She just sent me a txt where every word ended in "zzz", with about a hundred "!!!" and called herself "juicezzz". I need back up.
The guy I fucked in the port a poty just called me and asked me on a date!
Awkward!
No he was cute and I said yes!
I need a sticker that says "It's no use hitting on me - I'm the plus one" Seriously, how do they think I got in in the 1st place?
I got a black eye last night. This guy said for every 35 pounds you lose you gain an inch to your dick. I asked him how long he has been peeing sitting down.
so i was dancing to the glee soundtrack with highheels. i tripped. and the dildo fell on my face. i dont know what happened.
we just ordered 30 dollars worth of french fries...whats wrong with us?
i was about to cum until he started doing shrek impressions.
I found bruises on my neck from barfing out the window.
He just showed me a video of his erect penis moving to the beet of the music when he was high, I think I'm in love.
he told me he was a Boston Bruins fan so I took his hat into the bathroom and peed in it...I've never been a prouder Ranger fan
I can't believe I left out the part about him peeing on the side of Route 2 at 3 a.m. while wearing a dress.
My concierge just asked me to his place for dinner while I was signing for a delivery. The delivery was a box of vibrators. Let's discuss.

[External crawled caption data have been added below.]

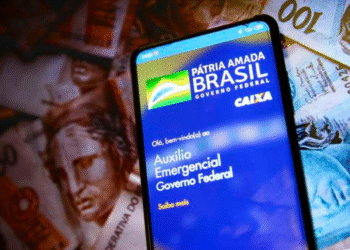 Celular exibindo a tela do aplicativo do Auxílio Emergencial do Governo Federal, com notas de real ao fundo.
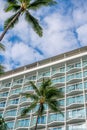 Hotel balconies with palm trees Royalty Free Stock Photo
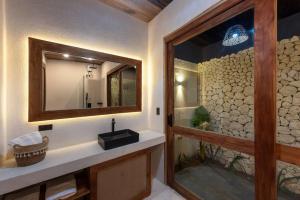 a bathroom with a sink and a mirror at Villa Baleia Siargao in San Isidro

I told him that if he cleaned the bathroom, I'd blow him. You could eat off the toilet. Seriously, get over here. This is the cleanest you'll ever see it.
I feel like my sexual preferences are just another sign that I am a 75 year old drag queen in a 29 year old woman's body.
I'm thinking my boss switched to all cordless keyboards and mouses so that none of us would hang ourselves in the office.